地上から銃声が聞こえる、そこにはファリックが両手に銃を構えて巨人の目を狙ってトリガーを引いていた。聞こえた銃声は一発、だが巨人の目に着弾した弾丸の数は全部で十二発だった。ミラはそれを確認すると口をいっぱいに広げて。

「ざまぁみろ!」

 笑顔で叫んだ。

 後方でそれらを見ていたレイ達には一瞬何が起きたのか理解できなかった。彼等も聞いたその銃声、確かに一発だけのはずだった。しかし巨人の顔に残された弾痕は十二発。それは間違いなかった。ギズーはその異常な光景を目にして咄嗟にファリックへと視線を落とす。
 ファリックの体は少しだけ後ろへと押され出したかのように下がっていた、それを見たギズーが今この少年が何をしたのかを咄嗟に悟った。

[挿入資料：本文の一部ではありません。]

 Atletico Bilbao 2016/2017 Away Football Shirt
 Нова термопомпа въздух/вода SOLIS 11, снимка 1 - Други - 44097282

「まさか……今の一瞬でシリンダーの弾丸全部を打ち出したのか」

 驚異的、まさに驚異的な早打ちである。
 そう、答えは簡単だが決して真似をすることなどできないその技術。ファリックはあの一瞬で片方六発の弾丸を二丁全て打ち切っていたのだ。銃声が一発しか聞こえなかったのではない。全ての銃声が一発に聞こえてしまうほどの速度で早打ちを行っていたのだ。
 一発の弾丸の威力で足りなければそのすべてを一度にぶつけてしまえばいい。言うことは簡単だが、いざヤレと言われれば誰もが首を横に振るだろう。シフトパーソルの扱いに長けているギズーですらそんな芸当不可能なのだ。

 光線の発射部分を潰された巨人はついに抵抗することができなくなり、次第に痙攣をおこしていた巨大な体はその機能を停止し始める。ゆっくりと動かなくなった巨人をミラはその目で確かに確認した。巨人はゆっくりと後ろへと倒れ始め、木々を倒しながら森へと倒れた。